I, too, have had a myriad of bicycles (I won't include the pre-teen years...), starting with De Rosa SLX-tubed classics (and Ciocc's, Tomassinis, Bottechia's, Merckx, etc.) and on through the rigid aluminum (Merak) and carbon (Trek OCLV) crazes. I've landed with Ti bikes. Unbeatable durability (I am no longer a 185-lb svelte spinner...), unbeatable feel, and undeniable re-sale value (if necessary). True legacy bikes. I have nothing against steel bikes--matter of fact, I wish I had my old white De Rosa--but I know why people fall in love with their ti bikes. The good ones, anyway. And it has more to do with feel than it does logic.


----------



## BenH

*CR Headtube height*

Thanks for all the posts. I checked out the CR geometry and noticed it has a fairly short headtube (for a non-racer enthusiast). While I don't intend to cruise around sitting upright, I have longer legs than most folks so on a racing geometry frame, I end up far more bent than most. One of the newer more upright bikes (such as Cervelo RS, Trek Madone Performance) actually fits me more like a regular road bike. But back to Merlins, I'm a tad reluctant to just put 3cm of spacers in there but that's more due to the bizarre look. I'm more compelled to get a CR than ever reading people's experiences with it but I think even among Ti bikes, it's on the shorter end. Yes, I know it's aimed at the racing folks. Even the Extralight has a 12.5 cm headtube on it's 55cm bike. I think the Lynskey's are closer to 16cm but I hear a much more mixed reaction to Lynskey's. Not taking anything away from Lynskey, but people seem crazy happy about their CRs.


----------



## Juanmoretime

BenH said:


> Thanks for all the posts. I checked out the CR geometry and noticed it has a fairly short headtube (for a non-racer enthusiast). While I don't intend to cruise around sitting upright, I have longer legs than most folks so on a racing geometry frame, I end up far more bent than most. One of the newer more upright bikes (such as Cervelo RS, Trek Madone Performance) actually fits me more like a regular road bike. But back to Merlins, I'm a tad reluctant to just put 3cm of spacers in there but that's more due to the bizarre look. I'm more compelled to get a CR than ever reading people's experiences with it but I think even among Ti bikes, it's on the shorter end. Yes, I know it's aimed at the racing folks. Even the Extralight has a 12.5 cm headtube on it's 55cm bike. I think the Lynskey's are closer to 16cm but I hear a much more mixed reaction to Lynskey's. Not taking anything away from Lynskey, but people seem crazy happy about their CRs.

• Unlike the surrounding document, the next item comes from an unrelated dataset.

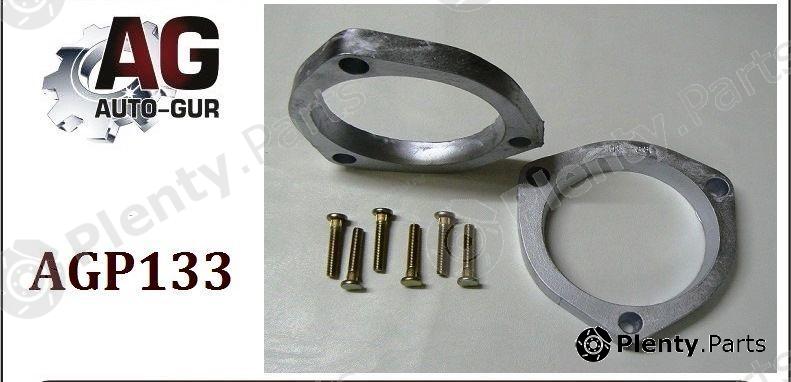  AUTO-GUR part AGP133 Replacement part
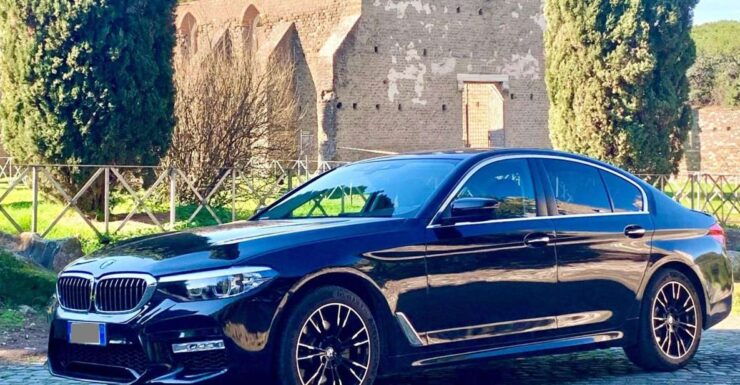 Kefalonia Airport (Efl): Private Transfer to Lourdas Hotels - Duration and Availability of the Activity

Crazy happy about my R320. Its nice not to have the spacer police looking for you. I'm only using a 3mm spacer on my M/L to tune in the perfect bar height. Go Lynskey!


----------



## Maximus_XXIV

I have the opposite issue. The 420 has a head tube that is too tall for me, yet I love the ride. If it does well for me in 2009, I will pick up a M 2009 430, which has a shorter head tube and a little longer top tube. It will be a perfect fit for me. Now I just need to make sure that the beautifully stiff frame treats my back right.


----------



## Eric_H

*Short headtube issues*



BenH said:


> Thanks for all the posts. I checked out the CR geometry and noticed it has a fairly short headtube (for a non-racer enthusiast). While I don't intend to cruise around sitting upright, I have longer legs than most folks so on a racing geometry frame, I end up far more bent than most. One of the newer more upright bikes (such as Cervelo RS, Trek Madone Performance) actually fits me more like a regular road bike. But back to Merlins, I'm a tad reluctant to just put 3cm of spacers in there but that's more due to the bizarre look. I'm more compelled to get a CR than ever reading people's experiences with it but I think even among Ti bikes, it's on the shorter end. Yes, I know it's aimed at the racing folks. Even the Extralight has a 12.5 cm headtube on it's 55cm bike. I think the Lynskey's are closer to 16cm but I hear a much more mixed reaction to Lynskey's. Not taking anything away from Lynskey, but people seem crazy happy about their CRs.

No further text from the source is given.